What’s more, those conversations are really difficult to initiate. Even with close friends, 56% of survey respondents say finances are “too personal” to discuss. Of those survey respondents, 43% were willing to talk about their health issues, but only 17% would talk about investments.
Only 66% of respondents talk about investments or salary with their spouses or partners. In one out of every three relationships, finances are not a common topic of conversation between people who likely share a checking account!
If you’d like to change that dynamic in your relationship, there are a couple of approaches you might consider. No matter what you do, make sure you’re approaching this sensitive topic from a place of love. Fights over money occur when one partner feels put on the defensive about budgeting or spending. Take care, and try these three techniques!
Talk about a common goal
If you and your partner have been trying to plan a summer getaway, save for a new car or put a down payment on a house, this can be an excellent place to start a conversation. It’s best to begin on broad notes. Ask about hotel choice or means of transportation. From there, it can be easy to talk about making a budget for the occasion. Once you and your partner are talking about dollar amounts, it can spill over into a more general conversation about finance.
If you ask about saving for this project, it’s important to have suggestions or ideas. Come to the conversation prepared to make a small sacrifice to contribute to saving for the project or have some cost-saving strategy to make the process easier. This encourages a feeling of joint struggle as opposed to you “checking up on” or “managing” your partner.
Set guidelines for spending
Spending is the biggest cause of fights between couples. In general, people tend to see their decisions as rational and the choices they disagree with as irrational or impulsive. In relationships, it’s tempting and gratifying to think of yourself as the sensible one and your partner as the reckless one.
Your partner likely feels the same way. For instance, you may enjoy a daily coffee drink while your partner might consider that to be frivolous spending because he doesn’t know the joy and satisfaction you derive from that little indulgence. Conversely, your partner’s enthusiasm for home electronics might make you see a top-of-the-line stereo system as an extravagance, while your partner sees it as a way for the two of you to spend more time together at home.
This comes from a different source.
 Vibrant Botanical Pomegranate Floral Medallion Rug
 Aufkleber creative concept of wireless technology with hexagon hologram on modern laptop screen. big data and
The best way to avoid resentment, while still keeping your spending under control, is to set personal allowances for you and your partner. You can spend so much each week or month without consulting your partner. Major purchases that go over that limit require consultation. Try to avoid bringing up recent or specific purchases, and focus on planning for the future rather than placing blame for the past. This will keep the conversation from feeling accusatory.
Dream about the future
Retirement planning is a difficult subject to broach. Many people don’t want to do it on their own because the prospect of saving that much money is frightening. Add in the stress of talking about money in a relationship, and this can be a conversation filled with dread.
It doesn’t have to be that way. Many couples find retirement to be a time of great relationship strength and bonding. If you and your partner didn’t have to work, you could spend a lot more time together, enjoying your mutual interests and each other’s company. Instead of beginning a retirement planning conversation with a dollar amount, begin it with a dream.
Maybe you’d like to travel the world together and see exotic sights. Maybe you want to become active volunteer in your community. Beginning with such dreams in mind, as opposed to how much they’re going to cost, can help you and your partner better share the stress involved in saving and planning.
However you broach the conversation about money, it’s important to do so. Secrets about finances in a relationship can lead to stress, interfere with honest communication and produce relationship-ending fights. On the other hand, couples who talk openly and honestly about their financial situation can use that transparency to build stronger, more straightforward communication strategies about other topics. As many people have found, the couple who saves together, stays together!